You are viewing a plain text version of this content. The canonical link for it is here.
Posted to commits@spark.apache.org by pw...@apache.org on 2014/07/04 08:02:39 UTC

git commit: SPARK-2282: Reuse PySpark Accumulator sockets to avoid crashing Spark

Repository: spark
Updated Branches:
  refs/heads/master 3894a49be -> 97a0bfe1c


SPARK-2282: Reuse PySpark Accumulator sockets to avoid crashing Spark

JIRA: https://issues.apache.org/jira/browse/SPARK-2282

This issue is caused by a buildup of sockets in the TIME_WAIT stage of TCP, which is a stage that lasts for some period of time after the communication closes.

This solution simply allows us to reuse sockets that are in TIME_WAIT, to avoid issues with the buildup of the rapid creation of these sockets.

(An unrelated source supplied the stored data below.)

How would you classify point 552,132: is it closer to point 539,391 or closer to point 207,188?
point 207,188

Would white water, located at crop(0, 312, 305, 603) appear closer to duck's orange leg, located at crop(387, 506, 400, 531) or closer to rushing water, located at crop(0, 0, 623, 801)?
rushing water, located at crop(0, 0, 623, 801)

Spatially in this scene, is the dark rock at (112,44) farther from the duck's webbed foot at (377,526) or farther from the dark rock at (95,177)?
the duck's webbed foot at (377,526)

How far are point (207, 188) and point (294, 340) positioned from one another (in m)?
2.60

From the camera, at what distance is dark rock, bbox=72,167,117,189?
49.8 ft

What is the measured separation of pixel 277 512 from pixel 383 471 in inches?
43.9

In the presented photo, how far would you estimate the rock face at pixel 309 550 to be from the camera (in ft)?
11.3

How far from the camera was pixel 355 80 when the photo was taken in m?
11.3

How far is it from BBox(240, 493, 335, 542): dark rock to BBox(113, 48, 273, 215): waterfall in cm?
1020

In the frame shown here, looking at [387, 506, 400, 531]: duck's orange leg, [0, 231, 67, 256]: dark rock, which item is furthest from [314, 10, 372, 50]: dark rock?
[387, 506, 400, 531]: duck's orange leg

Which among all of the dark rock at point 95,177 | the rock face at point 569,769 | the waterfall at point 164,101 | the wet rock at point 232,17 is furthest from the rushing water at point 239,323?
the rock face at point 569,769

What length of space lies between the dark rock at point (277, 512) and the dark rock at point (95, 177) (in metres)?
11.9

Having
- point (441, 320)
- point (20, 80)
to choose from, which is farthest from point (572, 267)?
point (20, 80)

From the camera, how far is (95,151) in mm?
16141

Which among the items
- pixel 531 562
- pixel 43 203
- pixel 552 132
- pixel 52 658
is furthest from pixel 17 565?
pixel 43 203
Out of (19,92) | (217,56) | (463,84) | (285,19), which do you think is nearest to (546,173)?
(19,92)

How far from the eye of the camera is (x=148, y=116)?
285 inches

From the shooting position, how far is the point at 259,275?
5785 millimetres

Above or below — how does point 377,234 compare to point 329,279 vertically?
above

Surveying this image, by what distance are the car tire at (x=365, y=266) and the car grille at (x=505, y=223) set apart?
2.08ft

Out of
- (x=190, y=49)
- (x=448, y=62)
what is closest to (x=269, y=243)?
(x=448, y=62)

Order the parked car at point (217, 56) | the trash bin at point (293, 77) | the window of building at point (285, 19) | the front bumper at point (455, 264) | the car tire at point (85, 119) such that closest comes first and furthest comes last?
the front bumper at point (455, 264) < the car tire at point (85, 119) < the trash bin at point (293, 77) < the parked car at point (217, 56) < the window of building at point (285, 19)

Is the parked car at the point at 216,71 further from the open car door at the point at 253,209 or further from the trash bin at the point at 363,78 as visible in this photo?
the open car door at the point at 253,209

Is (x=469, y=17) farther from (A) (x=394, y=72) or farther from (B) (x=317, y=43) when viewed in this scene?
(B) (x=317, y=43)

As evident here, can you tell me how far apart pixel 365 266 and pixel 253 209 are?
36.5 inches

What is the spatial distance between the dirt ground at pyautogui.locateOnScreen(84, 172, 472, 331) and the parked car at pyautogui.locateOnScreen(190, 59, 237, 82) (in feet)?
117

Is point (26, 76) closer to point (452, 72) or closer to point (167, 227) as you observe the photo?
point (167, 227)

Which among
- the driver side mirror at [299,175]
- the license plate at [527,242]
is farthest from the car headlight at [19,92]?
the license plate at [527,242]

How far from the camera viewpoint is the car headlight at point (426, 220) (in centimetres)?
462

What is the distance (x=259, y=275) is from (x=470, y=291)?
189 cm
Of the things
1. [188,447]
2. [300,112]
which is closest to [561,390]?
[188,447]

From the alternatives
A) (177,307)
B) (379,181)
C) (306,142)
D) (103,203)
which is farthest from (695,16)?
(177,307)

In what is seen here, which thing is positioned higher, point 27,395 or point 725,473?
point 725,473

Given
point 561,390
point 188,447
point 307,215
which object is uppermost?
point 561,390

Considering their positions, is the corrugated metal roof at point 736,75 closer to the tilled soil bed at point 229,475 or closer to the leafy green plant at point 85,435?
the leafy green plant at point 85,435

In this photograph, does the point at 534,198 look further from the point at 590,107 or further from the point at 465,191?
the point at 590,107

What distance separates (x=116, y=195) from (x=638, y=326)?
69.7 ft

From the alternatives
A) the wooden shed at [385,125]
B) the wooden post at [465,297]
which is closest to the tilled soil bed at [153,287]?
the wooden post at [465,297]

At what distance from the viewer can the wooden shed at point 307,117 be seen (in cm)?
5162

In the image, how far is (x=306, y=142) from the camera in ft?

Author: Aaron Davidson <aa...@databricks.com>

Closes #1220 from aarondav/SPARK-2282 and squashes the following commits:

2e5cab3 [Aaron Davidson] SPARK-2282: Reuse PySpark Accumulator sockets to avoid crashing Spark


Project: http://git-wip-us.apache.org/repos/asf/spark/repo
Commit: http://git-wip-us.apache.org/repos/asf/spark/commit/97a0bfe1
Tree: http://git-wip-us.apache.org/repos/asf/spark/tree/97a0bfe1
Diff: http://git-wip-us.apache.org/repos/asf/spark/diff/97a0bfe1

Branch: refs/heads/master
Commit: 97a0bfe1c0261384f09d53f9350de52fb6446d59
Parents: 3894a49
Author: Aaron Davidson <aa...@databricks.com>
Authored: Thu Jul 3 23:02:36 2014 -0700
Committer: Patrick Wendell <pw...@gmail.com>
Committed: Thu Jul 3 23:02:36 2014 -0700

----------------------------------------------------------------------
 core/src/main/scala/org/apache/spark/api/python/PythonRDD.scala | 2 ++
 1 file changed, 2 insertions(+)
----------------------------------------------------------------------


http://git-wip-us.apache.org/repos/asf/spark/blob/97a0bfe1/core/src/main/scala/org/apache/spark/api/python/PythonRDD.scala
----------------------------------------------------------------------
diff --git a/core/src/main/scala/org/apache/spark/api/python/PythonRDD.scala b/core/src/main/scala/org/apache/spark/api/python/PythonRDD.scala
index f6570d3..462e094 100644
--- a/core/src/main/scala/org/apache/spark/api/python/PythonRDD.scala
+++ b/core/src/main/scala/org/apache/spark/api/python/PythonRDD.scala
@@ -599,6 +599,8 @@ private class PythonAccumulatorParam(@transient serverHost: String, serverPort:
     } else {
       // This happens on the master, where we pass the updates to Python through a socket
       val socket = new Socket(serverHost, serverPort)
+      // SPARK-2282: Immediately reuse closed sockets because we create one per task.
+      socket.setReuseAddress(true)
       val in = socket.getInputStream
       val out = new DataOutputStream(new BufferedOutputStream(socket.getOutputStream, bufferSize))
       out.writeInt(val2.size)